══ Dataset content ══

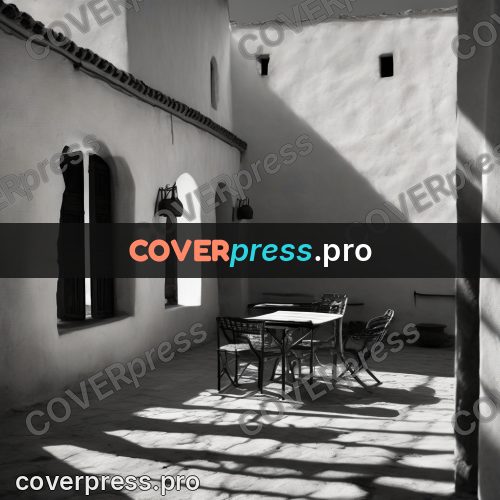 Black and white photo: courtyard with an arcade in shadow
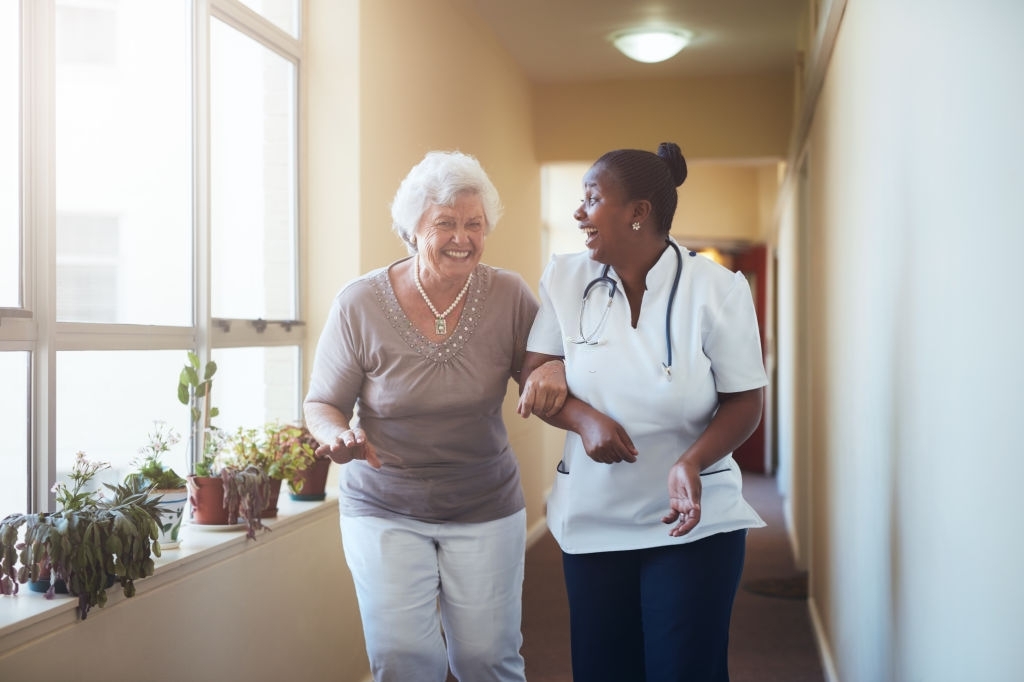 Portrait of happy healthcare worker and senior woman walking together. Senior patient having fun with her home caregiver.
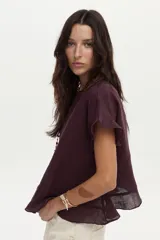 Blusa de lino color bordó, con mangas cortas adornadas con volados y diseño amplio.
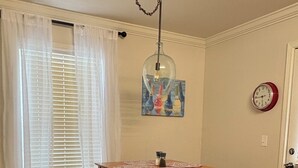Zona pranzo con tavolo e panche in legno, lampadario a sospensione, quadro, orologio e finestra con persiane.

═══

Exclude images. Return the data above verbatim.

 Black and white photo: courtyard with an arcade in shadow
 Portrait of happy healthcare worker and senior woman walking together. Senior patient having fun with her home caregiver.
 Blusa de lino color bordó, con mangas cortas adornadas con volados y diseño amplio.
Zona pranzo con tavolo e panche in legno, lampadario a sospensione, quadro, orologio e finestra con persiane.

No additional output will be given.